Post-hurricane homeowners perspective: change coming to Louisiana

By | October 9, 2006

A year ago, many home insurers in southern Louisiana refused to write new policies, or left vulnerable coastal community markets in fear of potential losses occurring from future storms. Many companies stopped writing to handle claims still lingering from the previous year’s storms and homeowners were forced to turn to Louisiana Citizens Property Insurance Corp., the state’s insurer of last resort.

According to Jeff Albright, CEO, Independent Insurance Agents & Brokers of Louisiana, not much has changed, “It’s still pretty tough in the southern most part of the state and the greater New Orleans area.” He said insurance companies appear to be waiting for the expiration of Emergency Rule 23, which requires them to maintain coverage on properties damaged by the storm. “Obviously that means that they are holding on to a lot of very difficult risks and I think that companies are not looking to add a lot of risk exposure at this point,” Albright said.

Set to expire on Dec. 31 of this year, ER 23 was adopted due to a shortage of building materials. Contractors, construction workers and many policyholders who received claim payments were unable to repair or reconstruct their property within normal time frames because they couldn’t find materials. In many places it would be months or years before property could be repaired or reconstructed.

In light of the materials shortage, section 4307 of ER 23 called for a cancellation suspension whereby insurers, surplus lines insurers or any other entity regulated by the insurance commissioner are prohibited from canceling or nonrenewing any personal or commercial property insurance policy covering a dwelling located in Louisiana that sustained damaged as a result of Hurricanes Katrina or Rita or their aftermath.

The prohibition stays in place until 60 days after the substantial completion of the repair and or reconstruction of an affected property.

Additionally, ER 23 said Citizens needed sufficient time to prepare and place insurance products on the open market to provide–in the opinion of the commissioner–adequate insurance to citizens.

Without the authority to suspend and or enforce certain statutes in the Louisiana Insurance Code, including but not limited to, cancellation and nonrenewal with regard to all property insurance, the commissioner claimed he was hindered in the proper performance of his duties and responsibilities regarding a state of emergency.

“The bad news is that some people who have not repaired their property are probably going to lose coverage and be forced to try to get builders’ risk coverage,” said Albright. “If they are not making repairs then that property will probably go uninsured.”

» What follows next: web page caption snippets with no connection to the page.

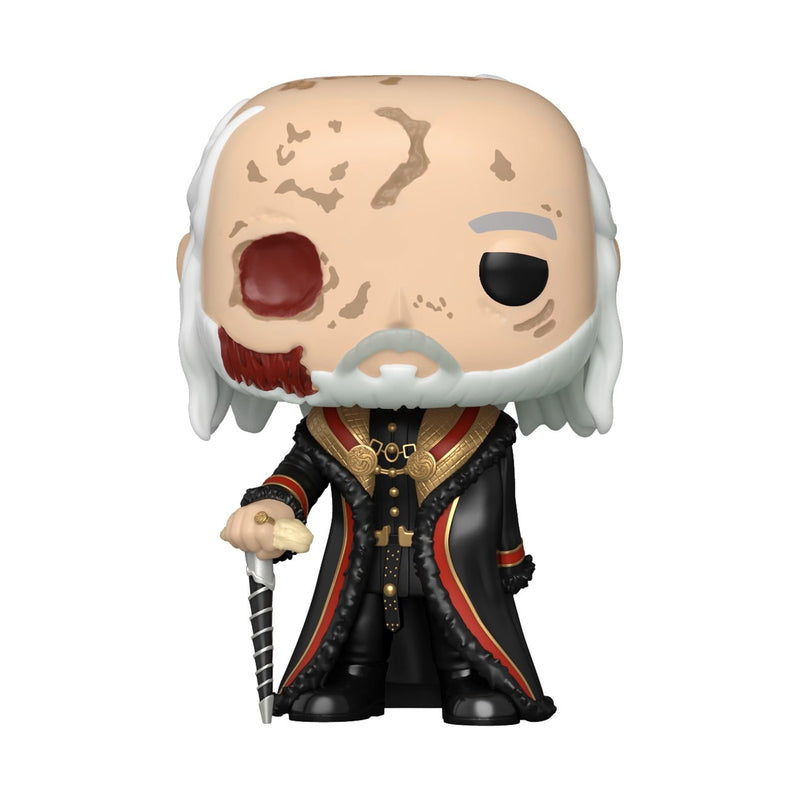 Funko Pop! TV: House of the Dragon - Viserys Targaryen (Masked) (Chance of Unmasked Chase Edition)
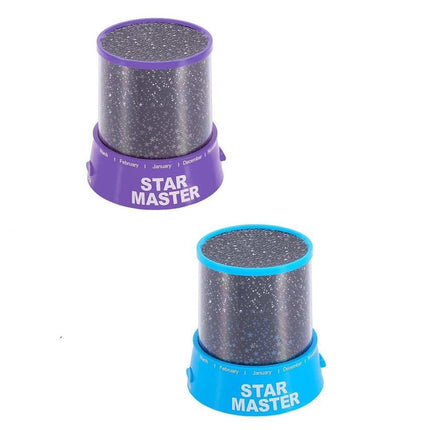 Stjärnhimmel projektor nattlampa för barn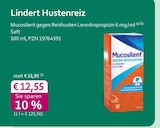 mea - meine apotheke - Mucosilent gegen Reizhusten Angebot im Prospekt Mucosilent gegen Reizhusten bei mea - meine apotheke im Prospekt "" für 12,55 €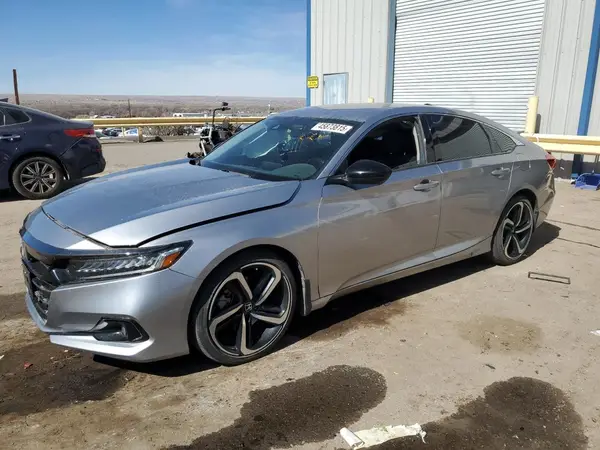 1HGCV1F45MA094652 2021 HONDA ACCORD - Image 1
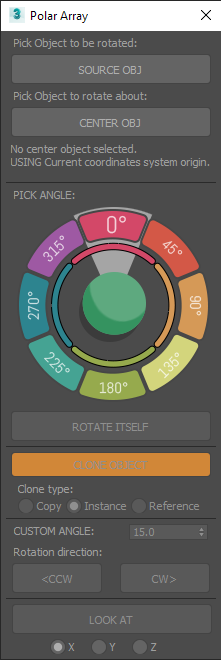 array-polar-ui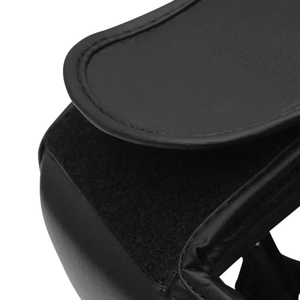 PU Leather Customized Logo Breathable Comfortable Durable Boxing Muay Thai MMA Head Guard High Quality Professional Protection - Product Image 4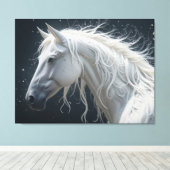 Freier Geist Leinwanddruck (Insitu (Holzboden))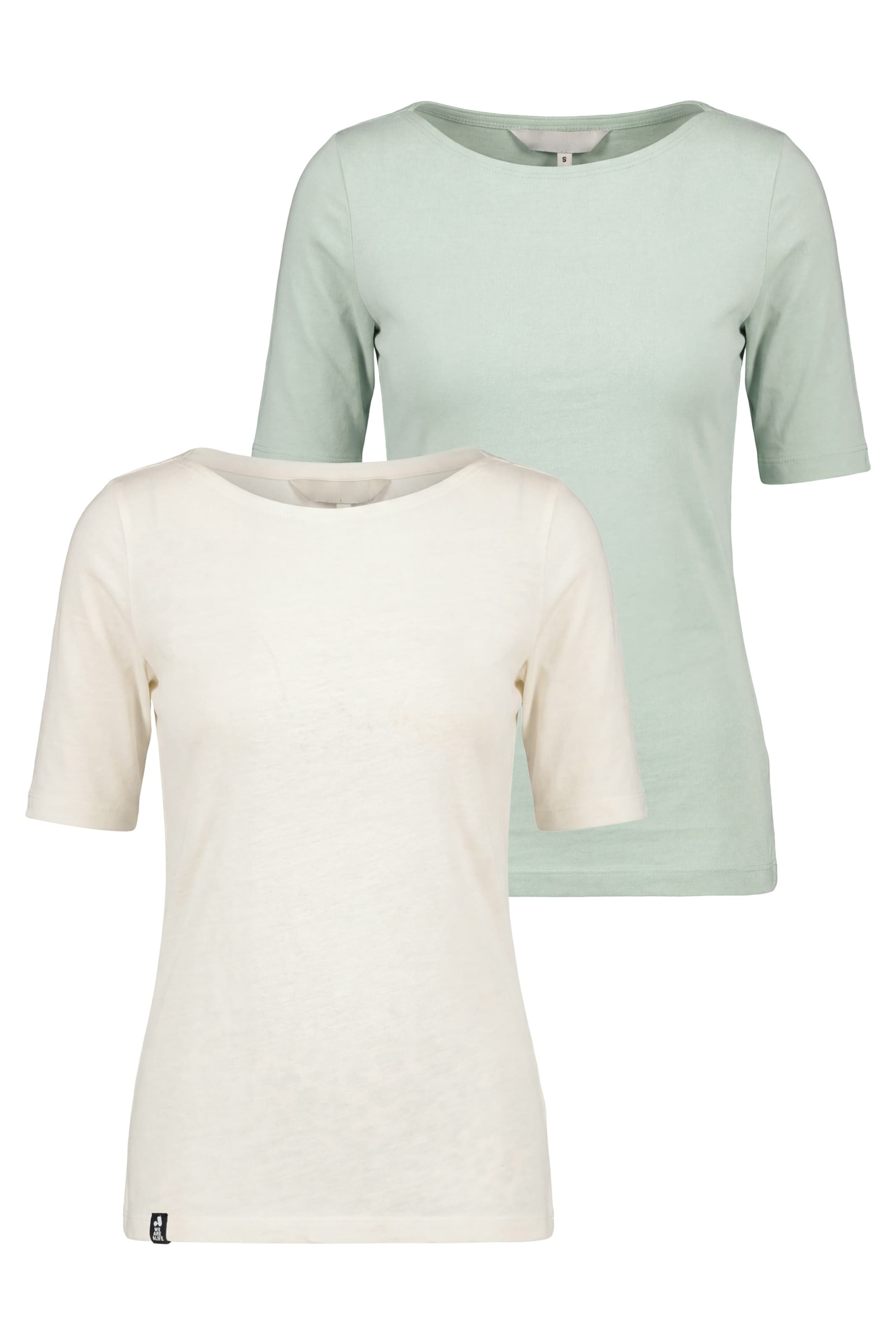 alife & kickin Shirt 'HildeAK A' in Green: front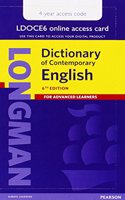 LDOCE 6 Single User Access Card with 4-year Pin Codes: (Longman Dictionary of Contemporary English)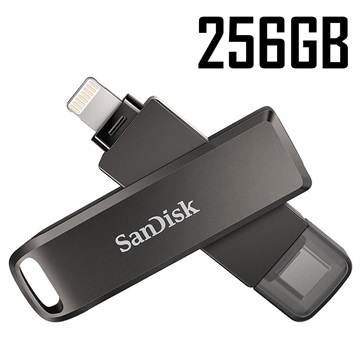 Clé USB SanDisk iXpand Luxe USB-C/Lightning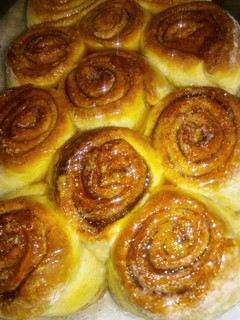Una foto de Rollitos de canela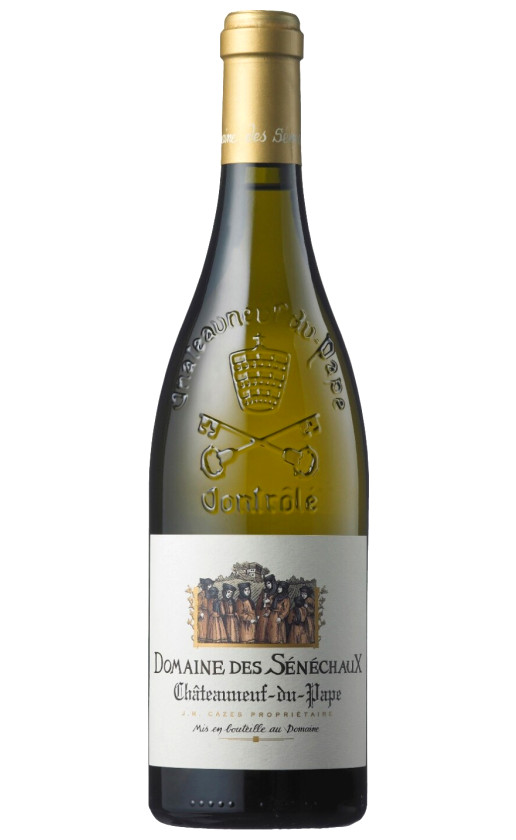 Вино Domaine des Senechaux Chateauneuf-du-Pape Blanc 2012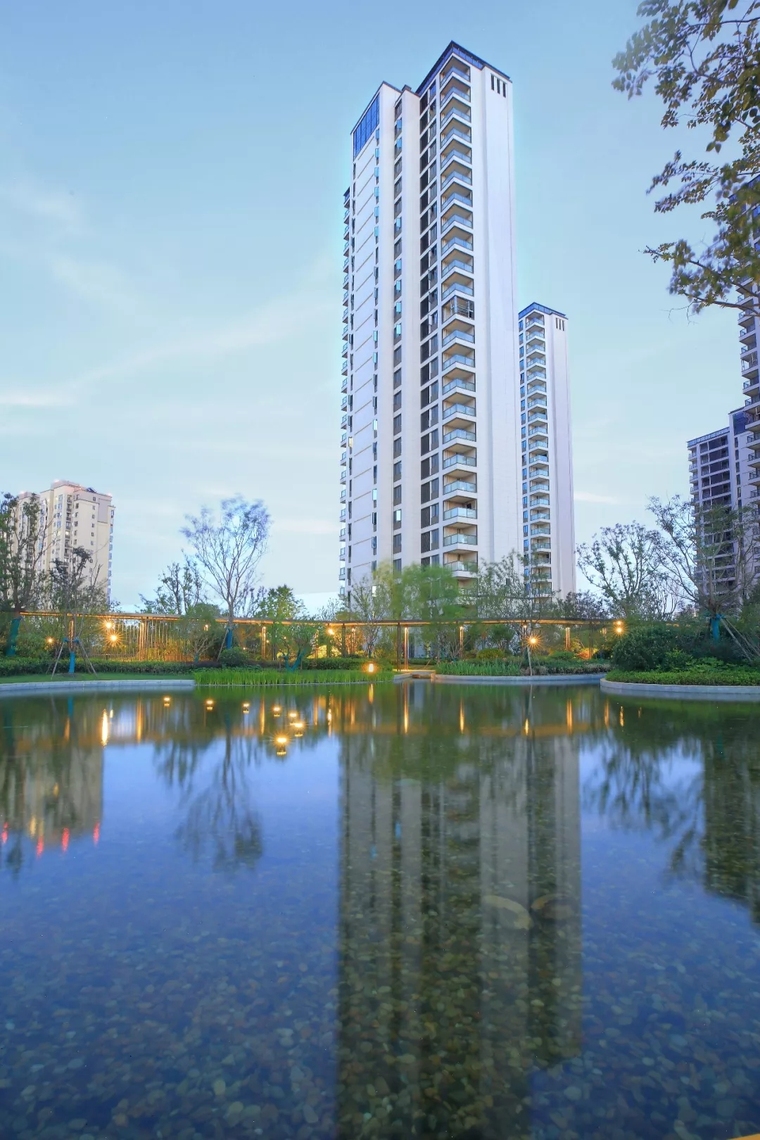 宁波世茂姚江湾住宅景观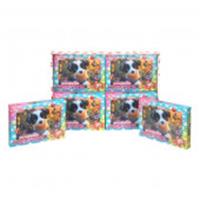 397203 Волшебные собачки. Пазлы в коробке 120 деталей. 180х130х25 мм. Умные игры в уп.8шт в кор.8уп, Россия, код 82001062149, штрихкод 463039503409, артикул 4630395034098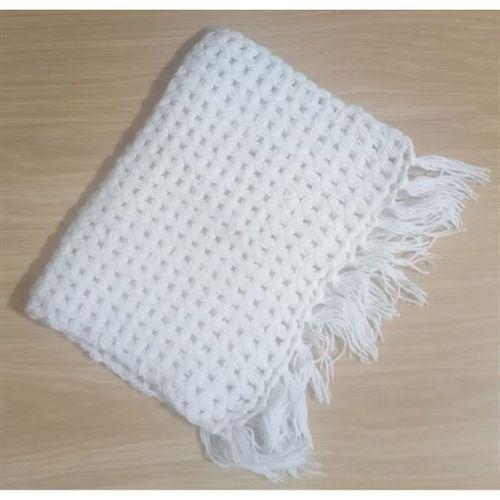 El İşi Pamuklu Banyo Lifi,El Örgüsü Beyaz Duş Lifi 25X34Cm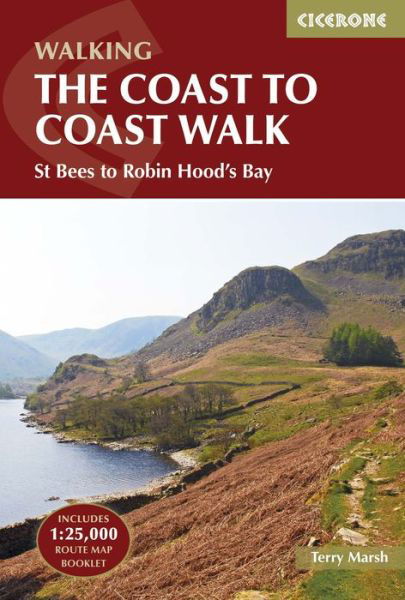 Cover for Terry Marsh · The Coast to Coast Walk: St Bees to Robin Hood's Bay (Pocketbok) [4 Revised edition] (2023)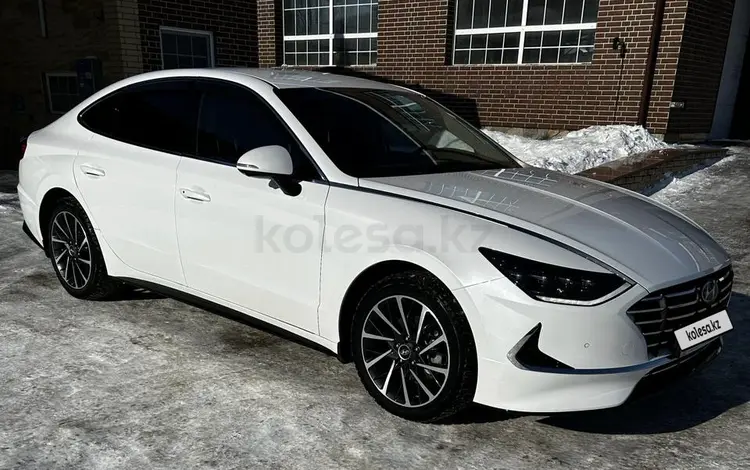 Hyundai Sonata 2021 года за 13 100 000 тг. в Костанай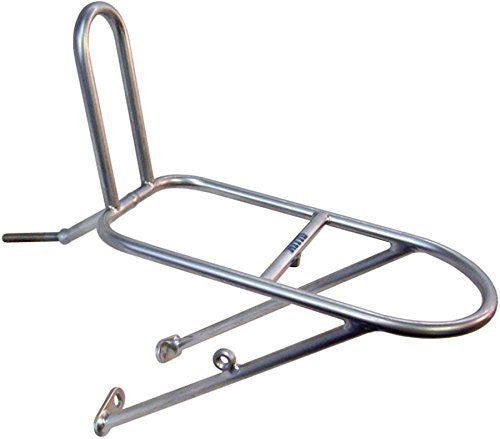 Nitto M12 Front Bicycle Rack For 26/27" Wheels | Silver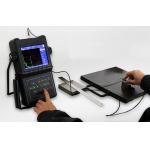 Portable Non-Destructive Testing Industrial Ultrasonic Flaw Detector with DAC Curve for sale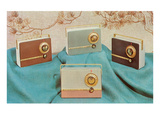 Transistor Radios, Retro Prints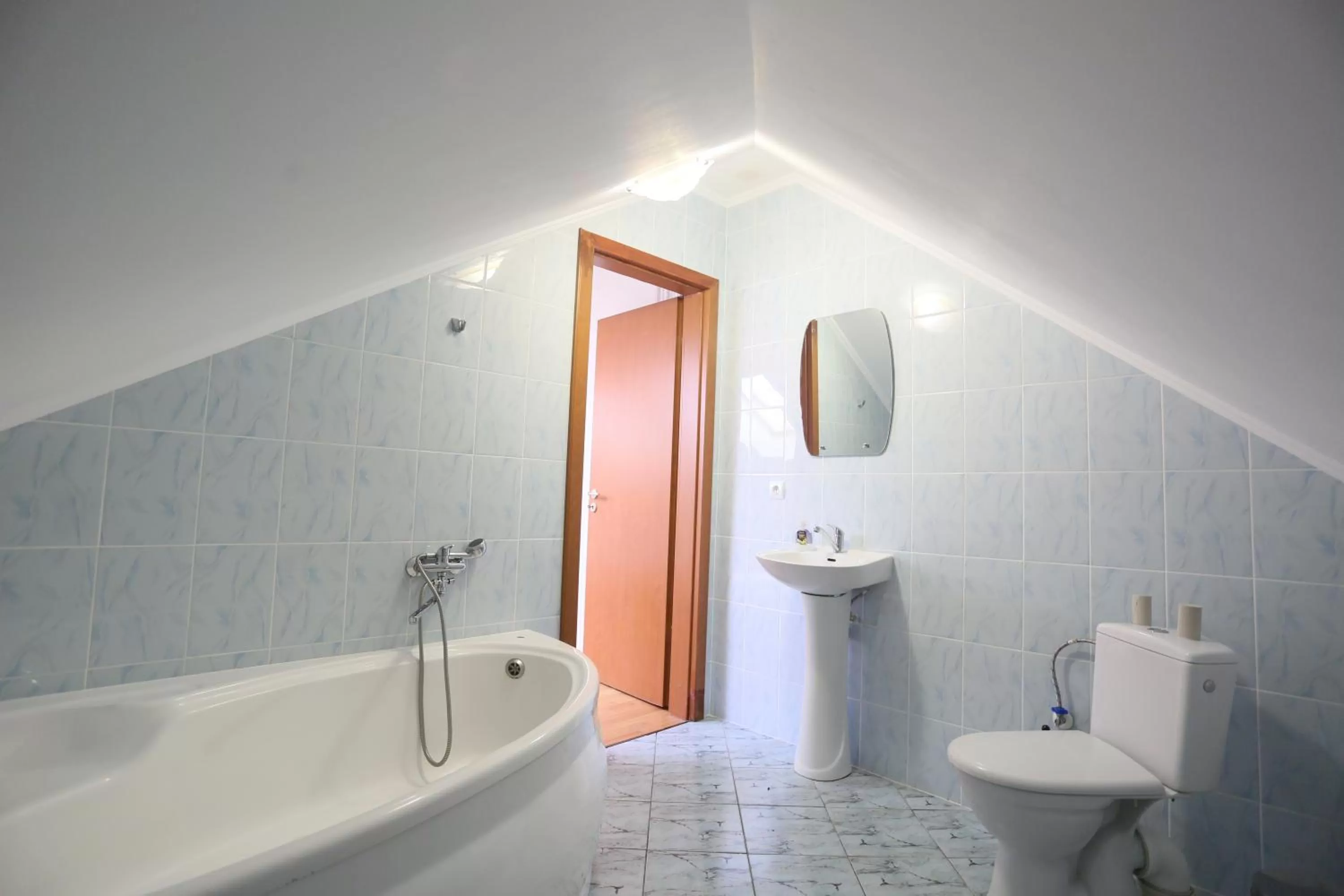 Bathroom in Praktik Hotel & Restaurant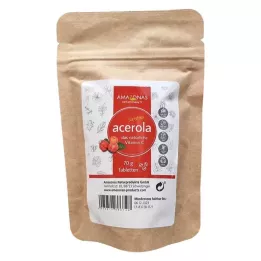 ACEROLA VITAMIN C pastiles bez pievienota cukura, 70 g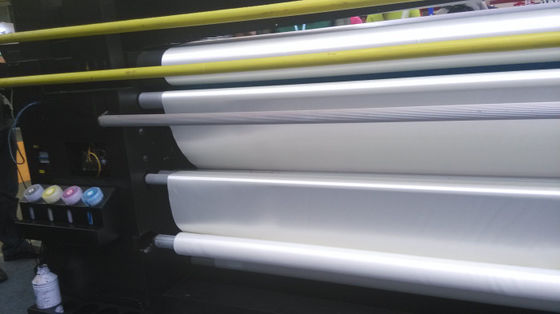 Mesin Cetak Kain Digital Dx7 Print Head Ganda Untuk Pembuatan Bendera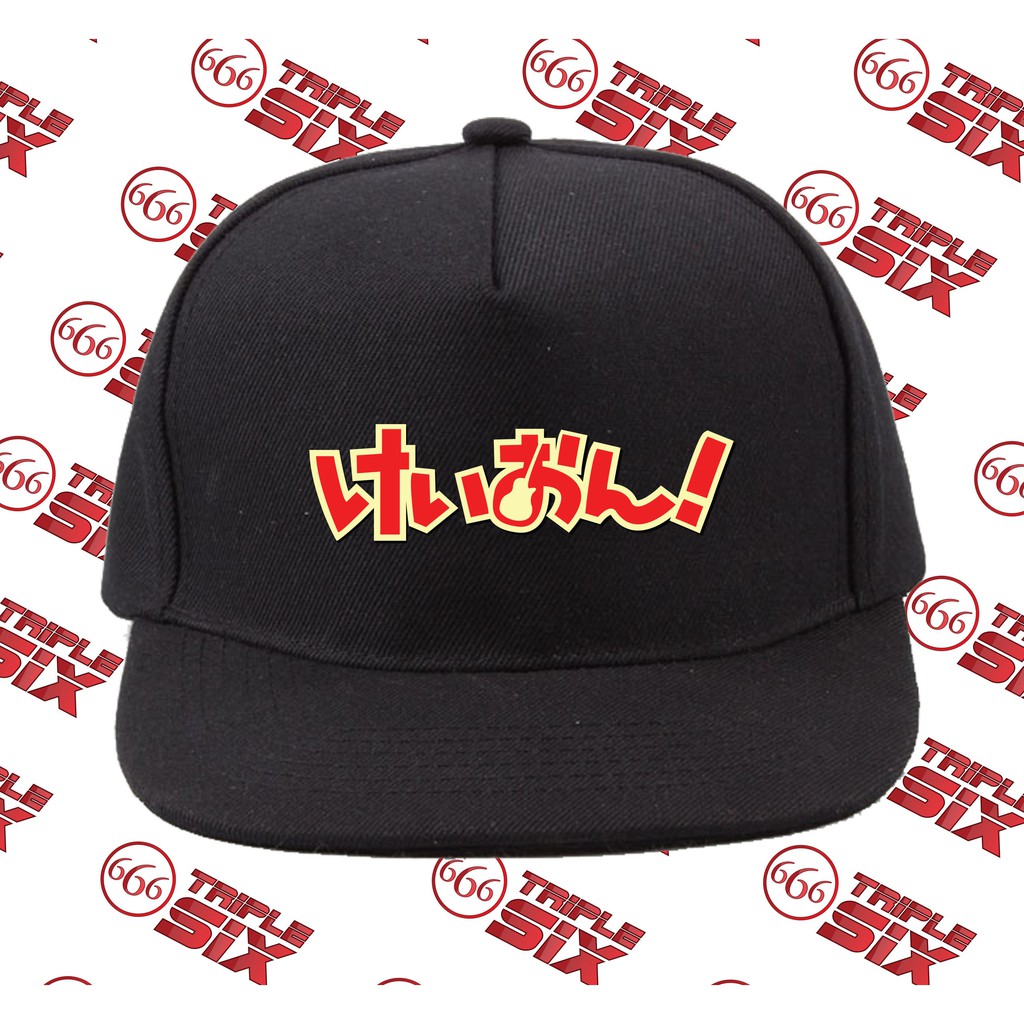 Topi Snapback Cotton Anime K ON Japan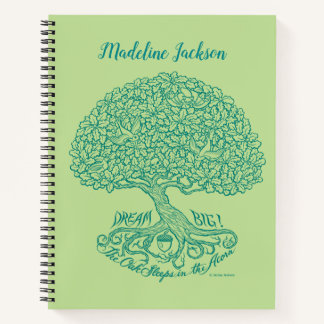 Personalized Dream Big Notebook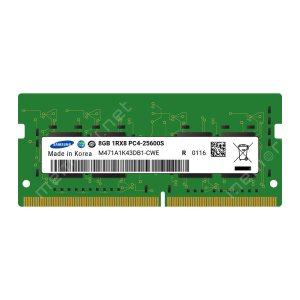 Samsung M474A1K43DB1-CWE 8GB DDR4 3200MHz Laptop SODIMM PC4-25600 260-Pin ECC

But the good news, according to Albright, is that once insurers are able to reduce some of their risk exposure on all those damaged properties under ER 23, some companies will then begin to start looking at possibly writing some new risks. “The Big ‘I’ of Louisiana hopes this happens when ER 23 expires in December,” he said, “and we’re getting some indications it will. Until then, it’s wait and see.”

Citizens reported 121,441 policies currently in force, down from 136,452 in the first quarter. The Louisiana Department of Insurance said that amount equaled 7.6 percent of the overall market share in Louisiana. Only two companies have a higher homeowners market share than Citizens: State Farm with 30.9 percent and Allstate with 18.2 percent.

The amount of premium written by Citizens in the second quarter was a reported $14.6 billion. At the second quarter 2005, Citizens had 129,966 policies in force, equaling $14 billion in premium. Compared to second quarter 2004–13,888 policies representing $1,227,015 in premium–the last two years drastically differ from 2004 for Citizens.

Warren Byrd, executive counsel, Louisiana Department of Insurance, was optimistic and said nine new carriers came into the market this year already. “We had some new carriers add a line and we think that’s a tremendous indication that carriers realize Louisiana is going to be built back stronger and better with a viable market.”

He explained that the state’s light hurricane season also helped to relieve the market and the fears that followed Katrina and Rita, “The bottom line is that we’ve made it through the season and that’s a real plus for carriers. … This has been a nondescript fall season here in Louisiana for hurricanes and we hope we are back to the typical norm.”

Byrd urged agents and brokers to work with insureds in the process of trying to finalize repairs on damaged homes. “The sooner they can get those repairs done, the sooner they can place new insurance or get the insurance renewed as a repaired and inhabitable dwelling.”

In large part, he said, it’s getting done. “The vast number of homes that were repairable have been done or are well underway in that process with 90 days to get finished,” he said.

Byrd said a gap exists between rebuilt homes and those totally devastated and no longer around. “In many cases they will have to wait until the elevations are set before they can begin to rebuild.”